10. How has gaming changed you?

Honestly? I’ve been doing it for so long that I have no sense of what I might have been like without gaming.

My first roleplaying experience was in 1980, I was 11 years old, and some middle-schoolers ran a game for sixth graders. I think it was someone’s older sibling. I’d seen ads for D&D in, oh I don’t know, Omni probably, but my parents hadn’t yet helped me get my first game. I didn’t own any D&D; I learned it cargo-cult style as one did back in the day. The first game I actually owned wasn’t until I was in seventh grade, when I got Traveller.

That said, roleplaying has absolutely taught me a lot, and I have certainly changed a lot within gaming over the years. But I’ve never really considered the possibility of just quitting. Some days the image of me running a game in my 70s makes me smile; other times it makes me cringe.

The one thing about having had roleplaying in my life my entire life is I sometimes wonder what life might have been like without it. What could I have achieved with the time and love I’ve put into this thing? How many languages might I have spoken by now? How many degrees? What if I’d put my time and talents toward, I don’t know, the stock market or entrepreneurship?

No idea. I yam what I yam.

#rpgaday2018

0 thoughts on “Change”

  1. The next big phase I’m looking forward to is the gaming-positive parent. I’m moderately squicked out by the whole “raise your kids as nerds!” thing — I’d rather my daughter find her own interests — but I suspect she’ll already want to like at least some of the stuff I like.

    She’s also got friends who have shown early interest in the big game room collection. Probably I’ll have some kind of kids gaming club up and running somehow, somewhere.
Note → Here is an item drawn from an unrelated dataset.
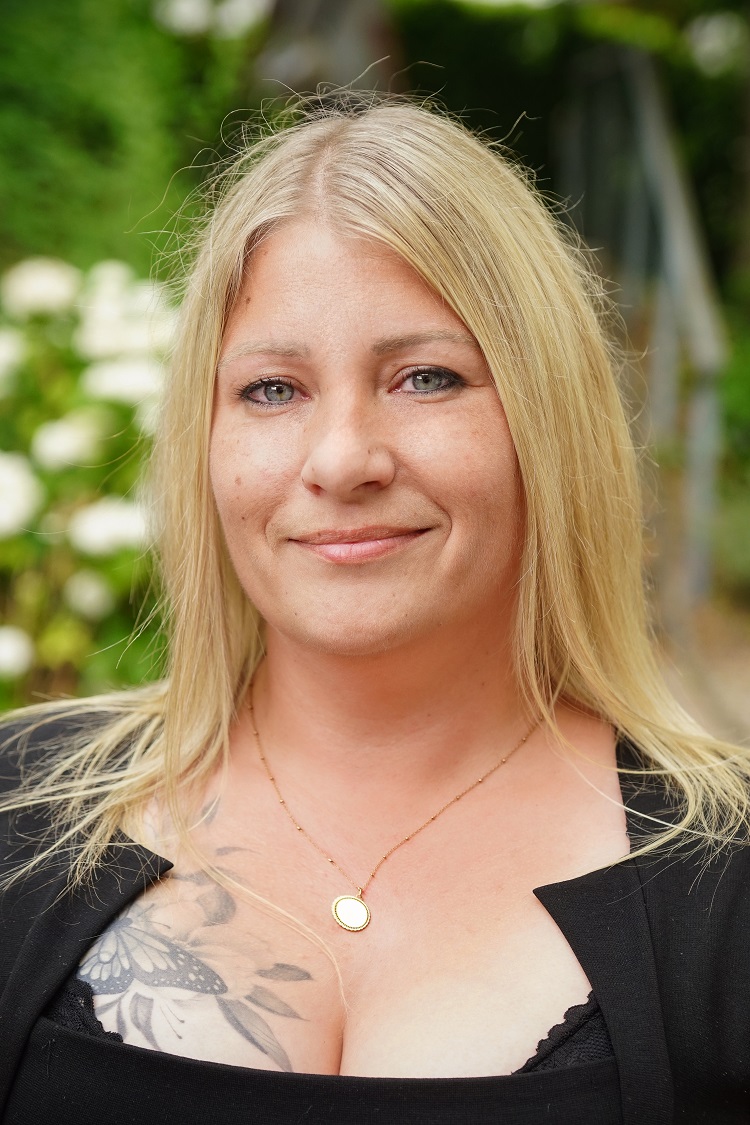 Isabel_Schatz.jpg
  2. That will be great! My friend Thomas runs a D&D game for his stepson which sounds like it works alright. They started with Old School Hack and have adjusted to 5e as the young guy grows more comfortable with complex rules. The greatest achievement will be to get your kid to run a game for you, I think.

  3. I think we want our kids to take interest in the things we do. But I don’t want my daughter to be a mirror copy. I don’t want to raise her as a nerd, why the fuck would I want that? I’d much rather she finds her own identity and if she is popular and well liked all the better.
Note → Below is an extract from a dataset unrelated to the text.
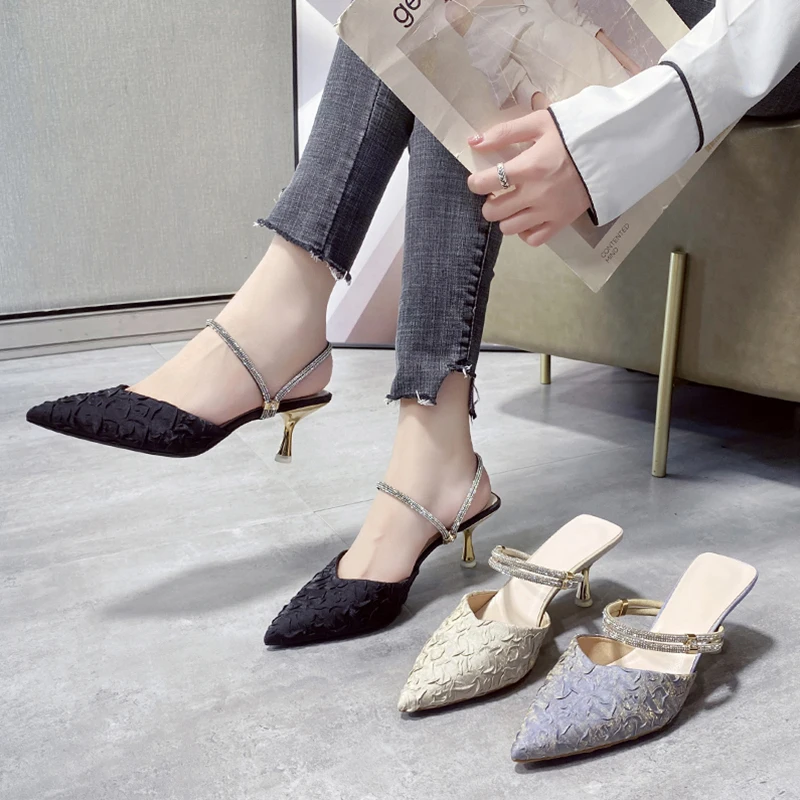 Slippers Casual Cover Toe Shoes Med Shallow Slipers Women Slides Heeled Mules Luxury Pointed 2021 Summer High Soft Thin PU Rubbe
Slippers Casual Cover Toe Shoes Med Shallow Slipers Women Slides Heeled Mules Luxury Pointed 2021 Summer High Soft Thin PU Rubbe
  4. “I’m moderately squicked out by the whole ‘raise your kids as nerds!’ thing — I’d rather my daughter find her own interests — but I suspect she’ll already want to like at least some of the stuff I like.”

    I’m actually trying super hard not to raise a nerd son. You see me post photos of us playing board games, but it’s not me indoctrinating him. It’s because board games are currently my most successful way of getting him doing something social and interactive away from video games, which he’s addicted to across all platforms, and to YouTube videos of streamers playing video games. We had him in swim classes until he broke his leg sledding with me in February. We had him in piano lessons after that. We had him in t-ball. He liked all those things, but never yearned for them the way he does video games. I’m also constantly inventing crafts and projects to do together, and creating codes for him to solve and stuff, but right now he’s just hooked hard on video games.